JPMorgan Chase & Co has landed on six property stocks that can best weather the Hong Kong turmoil after applying a worst-case scenario that envisages home prices plunging
30 percent, retail sales falling by a similar amount and prime office rents sinking 40 percent.
While a worst-case scenario may seem a rather grim starting point, analysts at the New York-based investment bank said in a report earlier this week that’s what most investors are starting to factor in considering the uncertainties in the former British colony.
They include a re-escalation of the US-China trade war and the social unrest in Hong Kong, both of which will impact upon the city’s status as an international financial centre, JPMorgan said.
Against that backdrop,
just six companies make JPMorgan’s overweight list — CK Asset Holdings Ltd, Henderson Land Development Co, New World Development Co, Wharf Holdings Ltd, Hang Lung Properties Ltd and Link REIT.
“The primary objective of our worst-case analysis is to identify stocks that are still good for investment even under this sort of scenario,” analysts led by Cusson Leung wrote, adding such assumptions weren’t their base case.
JPMorgan said CK Asset has been diversifying away from property in Hong Kong and China.
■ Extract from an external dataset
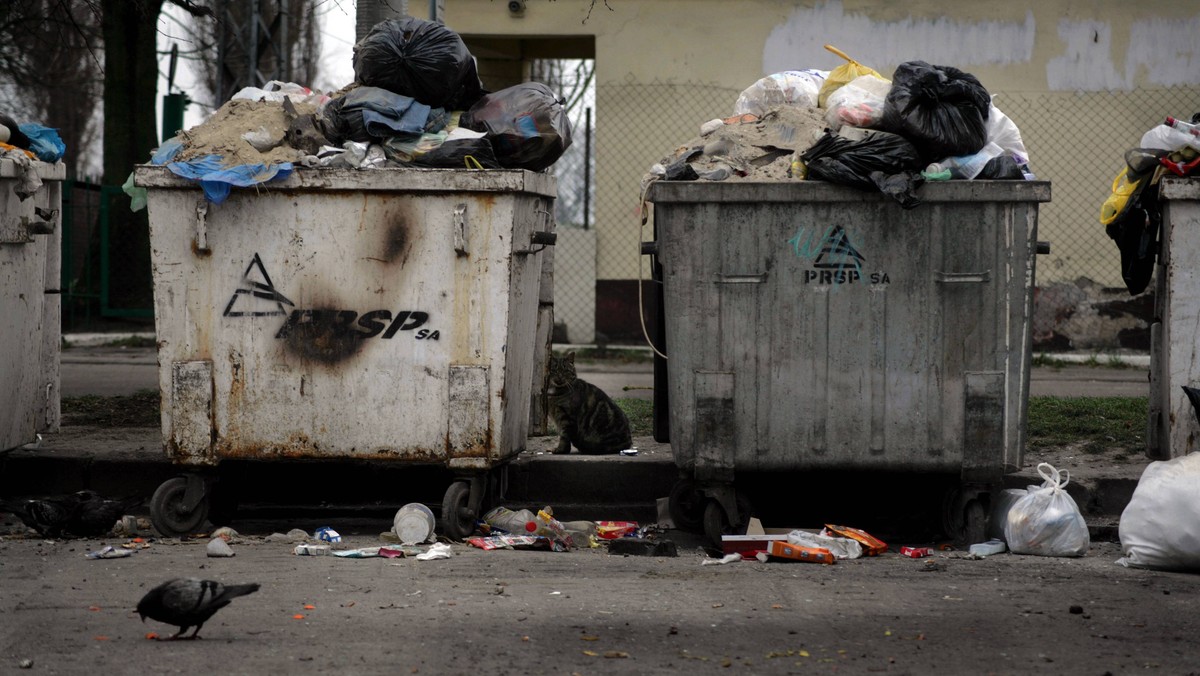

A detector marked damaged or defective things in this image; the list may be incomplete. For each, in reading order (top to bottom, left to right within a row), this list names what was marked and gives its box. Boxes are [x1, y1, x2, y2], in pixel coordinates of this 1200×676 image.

peeling white paint [768, 0, 1032, 76]
rusty dumpster panel [136, 166, 556, 468] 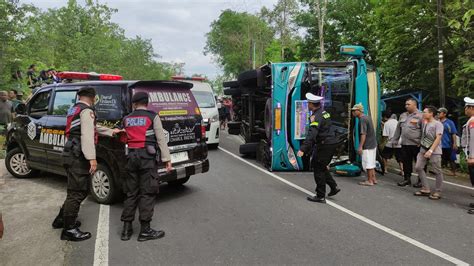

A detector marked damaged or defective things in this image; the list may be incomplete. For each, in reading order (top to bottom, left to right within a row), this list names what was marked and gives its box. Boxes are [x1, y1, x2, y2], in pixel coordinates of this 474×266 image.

Henderson Land, meanwhile, has done a good job ramping up asset disposals and “strong dividend growth will support strong share price performance.”
Wharf and Hang Lung have promising shopping malls after some tenant reshuffling, while New World, the only developer of the six with a
residential angle, should see the most substantial increase in rents.
“We believe the only type of residential projects which are still selling well is the mass market product, of which New World will have a 3,000-unit to be launched in Tai Wai early 2020,” the report said.
On the flip side, four stocks were downgraded to underweight, and two to neutral.